#### Task details
Below is a listing from which only part is wanted; return exactly the lines from the one with "上海市國民經濟和社會發展第十一個五年規劃綱要（二）" up to and including the one with "살기좋은 대한민국을 만드는 제도개선프로젝트".

#### Supplied data
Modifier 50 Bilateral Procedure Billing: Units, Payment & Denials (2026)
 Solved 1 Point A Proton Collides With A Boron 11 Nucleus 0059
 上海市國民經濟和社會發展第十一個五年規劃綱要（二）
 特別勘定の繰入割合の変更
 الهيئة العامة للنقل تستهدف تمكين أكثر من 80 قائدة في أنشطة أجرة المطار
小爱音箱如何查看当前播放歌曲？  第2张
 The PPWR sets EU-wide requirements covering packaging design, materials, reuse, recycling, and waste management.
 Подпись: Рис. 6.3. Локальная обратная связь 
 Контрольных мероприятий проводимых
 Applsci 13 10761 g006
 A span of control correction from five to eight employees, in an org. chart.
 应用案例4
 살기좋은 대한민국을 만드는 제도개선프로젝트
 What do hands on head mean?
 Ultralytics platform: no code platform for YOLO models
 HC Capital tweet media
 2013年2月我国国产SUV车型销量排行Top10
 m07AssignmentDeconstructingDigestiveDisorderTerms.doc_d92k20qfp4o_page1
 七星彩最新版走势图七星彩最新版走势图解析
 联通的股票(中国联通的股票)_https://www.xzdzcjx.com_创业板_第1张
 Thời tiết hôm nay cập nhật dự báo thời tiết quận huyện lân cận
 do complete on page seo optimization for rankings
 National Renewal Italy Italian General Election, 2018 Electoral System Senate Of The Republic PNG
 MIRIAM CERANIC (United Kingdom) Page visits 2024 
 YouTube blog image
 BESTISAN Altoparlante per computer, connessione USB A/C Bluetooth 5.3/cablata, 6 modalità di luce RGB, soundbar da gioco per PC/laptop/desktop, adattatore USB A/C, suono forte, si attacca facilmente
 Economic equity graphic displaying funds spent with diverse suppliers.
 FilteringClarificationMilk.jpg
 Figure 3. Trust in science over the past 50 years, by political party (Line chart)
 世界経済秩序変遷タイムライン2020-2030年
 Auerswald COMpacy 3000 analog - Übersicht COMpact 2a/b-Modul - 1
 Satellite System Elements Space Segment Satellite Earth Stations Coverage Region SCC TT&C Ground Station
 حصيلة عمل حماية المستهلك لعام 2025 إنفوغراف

#### Solved problem
 上海市國民經濟和社會發展第十一個五年規劃綱要（二）
 特別勘定の繰入割合の変更
 الهيئة العامة للنقل تستهدف تمكين أكثر من 80 قائدة في أنشطة أجرة المطار
小爱音箱如何查看当前播放歌曲？  第2张
 The PPWR sets EU-wide requirements covering packaging design, materials, reuse, recycling, and waste management.
 Подпись: Рис. 6.3. Локальная обратная связь 
 Контрольных мероприятий проводимых
 Applsci 13 10761 g006
 A span of control correction from five to eight employees, in an org. chart.
 应用案例4
 살기좋은 대한민국을 만드는 제도개선프로젝트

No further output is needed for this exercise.